Overview

Impact feature issue on Retirement & Aging for People with Intellectual, Developmental, and Other Disabilities

Aging and Disability: A Conversation

Authors

Paul Irving is chairman of the Milken Institute Center for the Future of Aging, chairman of Encore.org, and distinguished scholar-in-residence at the University of Southern California Davis School of Gerontology. He may be reached at pirving@milkeninstitute.org.

Michelle Putnam is the Jennifer Eckert ’08 School of Social Work chair and director of the PhD program at Simmons University in Boston, Massachusetts. Her research focuses on the intersection of aging and disability. She may be reached at michelle.putnam@simmons.edu.

A balding caucasian man with short facial hair and glasses smiles.

Paul Irving

A smiling caucasian woman with short, dark hair wears a blue blouse and pearl earrings.

Michelle Putnam

Michelle Putnam and Paul Irving recently sat down to assess the progress being made to bring the aging and disability communities together. The following is an edited transcript of that conversation:

Michelle Putnam:  Most of my career has been focused on bridging aging and disability. I have academic training in gerontology, disability, and social work. Depending on where I am, if I’m with gerontologists, I’m a disability person. If I’m with disability specialists, I’m a gerontologist. 

I just wrote a handbook on aging with disability with a colleague, and one of our conclusions is that we’ve been doing this work for decades and not much has changed, and we’re both really frustrated by that. The bridging work that’s been done by the Administration on Community Living is connecting the two fields, but it’s not really integrating them. We’re not intellectually breaking through the stereotypes. While things may not be as siloed as they once were, there’s very little integration in a way that would be useful.

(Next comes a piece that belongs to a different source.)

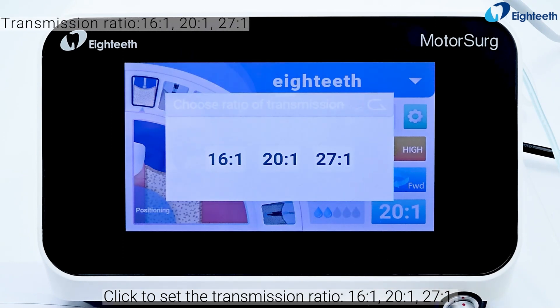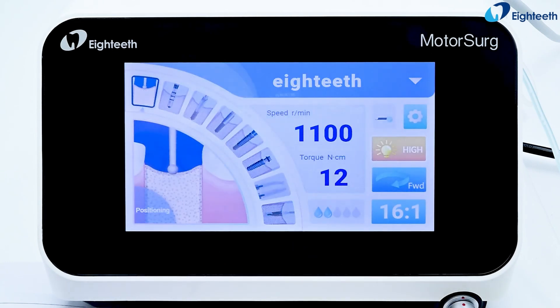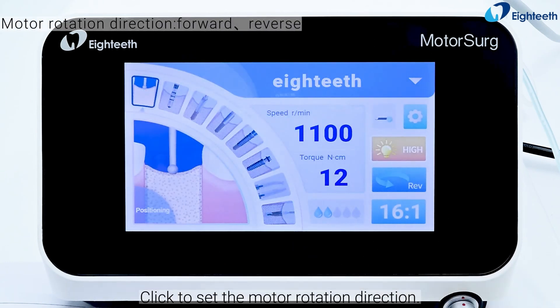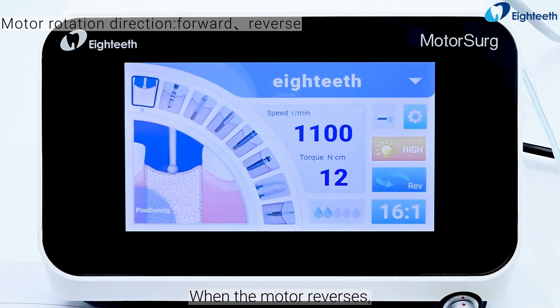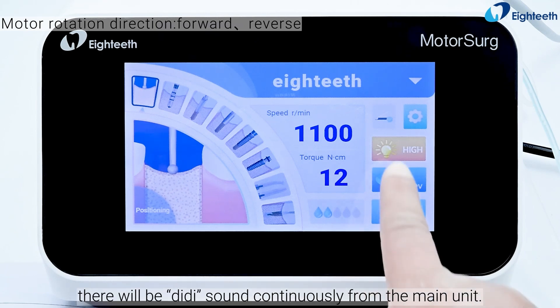Click to set the transmission ratio: 16 to 1, 20 to 1, or 27 to 1. Click to set the motor rotation direction. When the motor reverses, there will be a continuous beeping sound from the main unit.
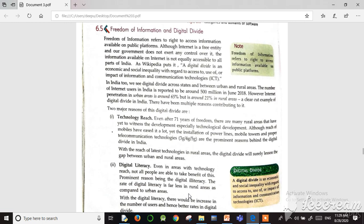Freedom of information and digital divide is an important topic in this chapter, and different types of questions come from this chapter.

For people with IDD and physical disabilities, so many of them didn’t get a chance to work or have a career, so retirement may not even be a thing. Or if they did work, they might not be able to retire because they need the money. I’m part of a research center that is looking at a group of people ages 45-64 with long-term physical disabilities. Among them, 70% have SSDI and 80% aren’t working. They have significant symptoms related to their conditions, but they should be working if they want to, and a good share of them would like to.  If people are out of the workforce, it’s important to ask how many of these people never got enough education, resources, or workplace flexibility or supports to get and keep a job? People want to do something with their day, but we haven’t set up safety net programs that allow people to move through the phases or cycles of disability as they age. We haven’t shaped employment to truly offer shorter workdays with benefits or flexible work formats, for example, that could make the difference for so many people with disabilities to navigate employment and the disability experience. And so many people with disabilities end up very low income and struggling in their retirement years because of employment situations in their younger years. Added to that, if you didn’t get adequate health and wellness support and care in your early and middle years, you may end up with significant chronic conditions in older ages. The other piece to consider relates to caregiving. For parents who have a child with IDD, they often end up with a really different profile in retirement, financially and physically, than their peers without children with disabilities. The same is often true for family members of persons with physical disabilities who provide long-term support and care. The support systems just aren’t there to help individuals and families navigate disability long-term and over the life course 

Paul Irving: We seem to be doing the same thing over and over and expecting a different result. We have to acknowledge what hasn’t worked and learn why things haven’t changed. If we think about this broadly as a set of investments for a better future, it brings to mind our current debate about what constitutes infrastructure. We seem to agree on the need to invest in updated bridges, tunnels, and airports, but we disagree about the importance of investing in human capital, in realizing the value of people of all types in our heterogeneous population. Many years ago, Singapore recognized that without vast natural resources, its opportunity for success rested in its people, and it made extraordinary long-term investments in education and public health and in ways to ensure that its population was engaged across the life course according to individuals’ capacity. Why in America don’t we place value on improving lives in the ways that many of our advanced-country peers do? Read The Commonwealth Fund’s health report . Despite great advancements in science and capabilities in our health ecosystem, our outcomes are poor relative to peers. How do we create a movement that recognizes the value of lifelong learning, the urgency of investment in prevention and wellness, and the need for social and caregiving supports that lead to lives of purpose and dignity? We aren’t very good at doing those things, and we must do better.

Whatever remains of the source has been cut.